2. The method of claim 1, wherein at least one of the first network
and second network comprises the EFT network.
3. The method of claim 2, wherein the EFT network consists of an
Automatic Teller Machine (ATM) network is selected from the group
comprising NYCE, PULSE, and STAR networks.
4. The method of claim 1, wherein the settlement period is a daily
settlement.
5. The method of claim 1, further comprising: determining a
transaction time requirement for the transfer of funds;
transferring the funds over the EFT network if the time requirement
for the funds is less than 24 hours; and transferring the funds
over an automated clearinghouse (ACH) network if the time
requirement for the funds is greater than 24 hours.
6. The method of claim 1, wherein the settlement funds are provided
by a reserve account maintained by a financial service entity.
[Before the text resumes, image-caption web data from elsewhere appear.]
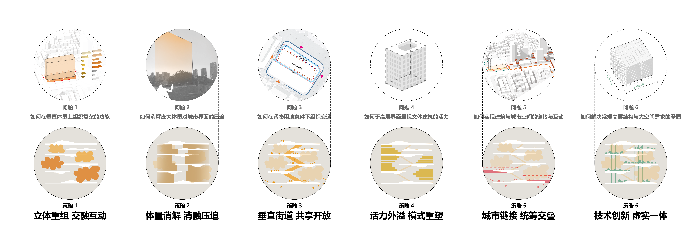 22設(shè)計(jì)策略回應(yīng)場地問題.png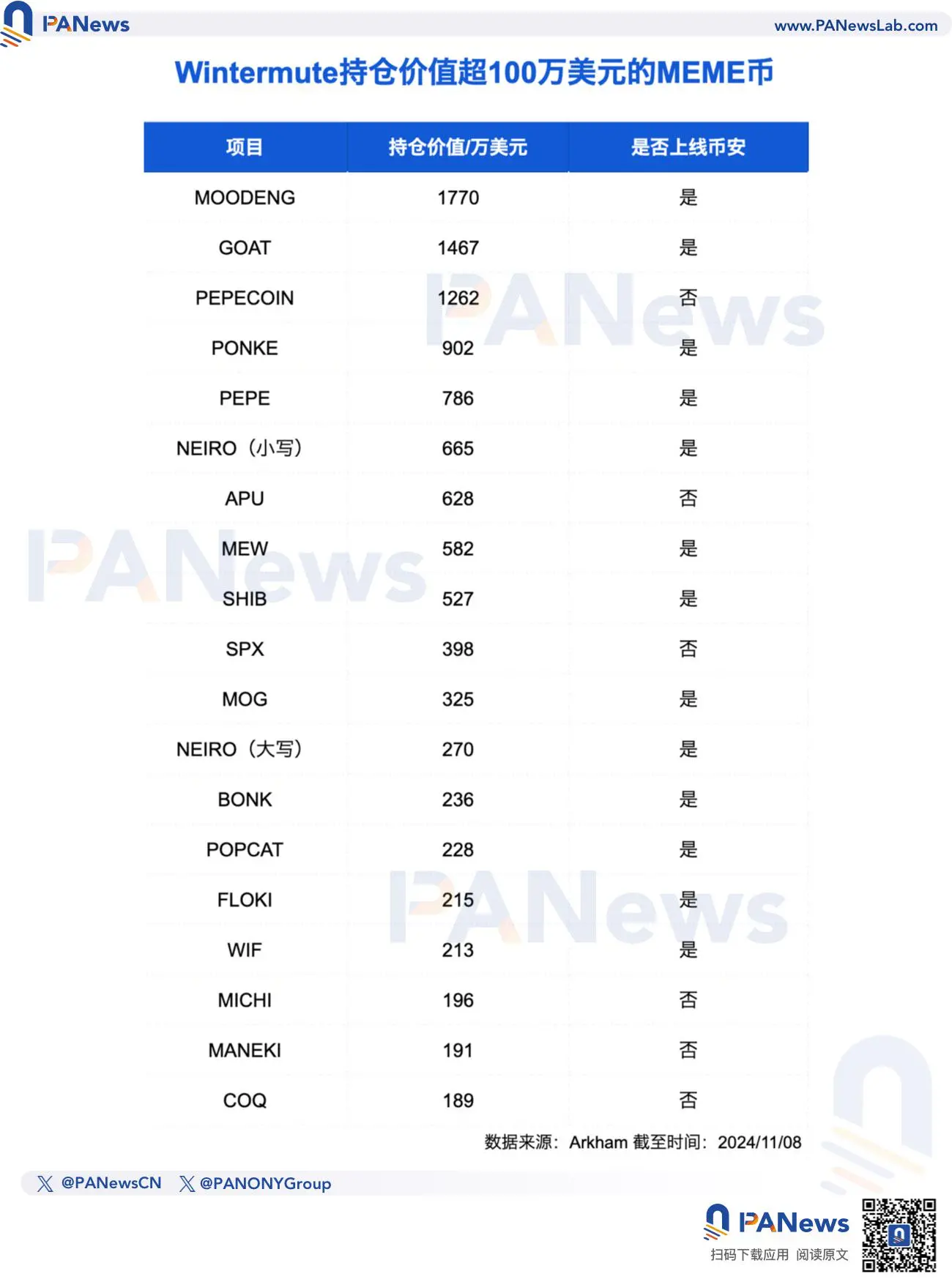 一文梳理五大加密做市商 MEME 币持仓:Wintermute 大额押注获币安上线高胜率,多数机构布局老牌项目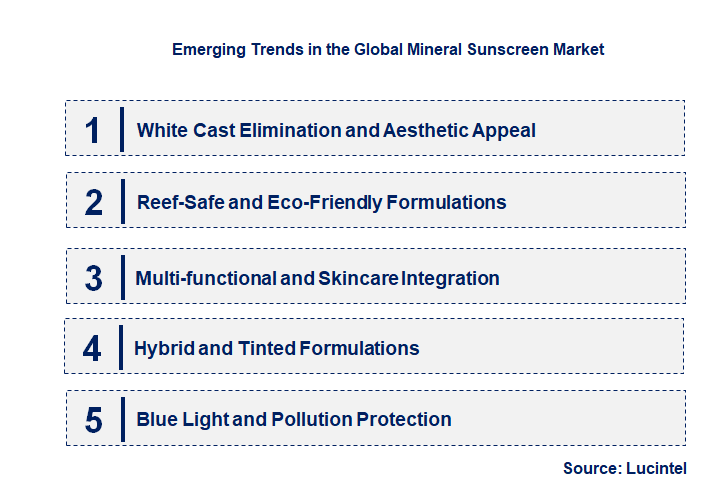 Emerging Trends in the Mineral Sunscreen Market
7. The method of claim 6 wherein the user input is provided through
a graphical user interface displayed on a client computer coupled
to a first server computer operated by the financial service
entity, and a second server computer operated by a financial
institution.
8. A method of performing a financial collections transaction over
a network comprising: receiving a collection request for wire
transfer of funds from a customer account to a merchant account;
debiting the funds from the customer account over a first network;
crediting the funds to the merchant account over a second network;
transferring settlement funds to the customer account over an
electronic funds transfer (EFT) network at the end of a defined
settlement period, wherein the settlement period is selected to
result in real-time settlement of funds to the first account; and
routing the collection transaction based on the network coverage,
network availability, and cost of the transaction.
9. The method of claim 8, wherein at least one of the first network
and second network comprises the EFT network.
10. The method of claim 9, wherein the EFT network consists of an
Automatic Teller Machine (ATM) network is selected from the group
comprising NYCE, PULSE, and STAR networks.
11. The method of claim 8, wherein the settlement period is a daily
settlement.
12. The method of claim 8, further comprising: determining a
transaction time requirement for the transfer of funds;
transferring the funds over the EFT network if the time requirement
for the funds is less than 24 hours; and transferring the funds
over an automated clearinghouse (ACH) network if the time
requirement for the funds is greater than 24 hours.
13. The method of claim 8, wherein the collection request is
initiated by the customer.
14. The method of claim 8, wherein the collection request is
initiated by the merchant.
15. The method of claim 8, wherein the settlement funds are
provided by a reserve account maintained by a financial service
entity.
16. A method of performing a loan fulfillment transaction over a
network, comprising: receiving a request for disbursement of loan
funds from a funder to a customer; crediting the funds to a
customer account over a first network; performing a consolidated
debit of funds from the funder account over a second network; and
transferring settlement funds to the funder account over an
electronic funds transfer (EFT) network at the end of a defined
settlement period, wherein the settlement period is selected to
result in real-time settlement of funds to the first account.
17. The method of claim 16, wherein at least one of the first
network and second network comprises the EFT network.
18. The method of claim 17, wherein the EFT network consists of an
Automatic Teller Machine (ATM) network is selected from the group
comprising NYCE, PULSE, and STAR networks.
19. The method of claim 16 further comprising routing the loan
funding transaction based on the network coverage, network
availability, and cost of the transaction.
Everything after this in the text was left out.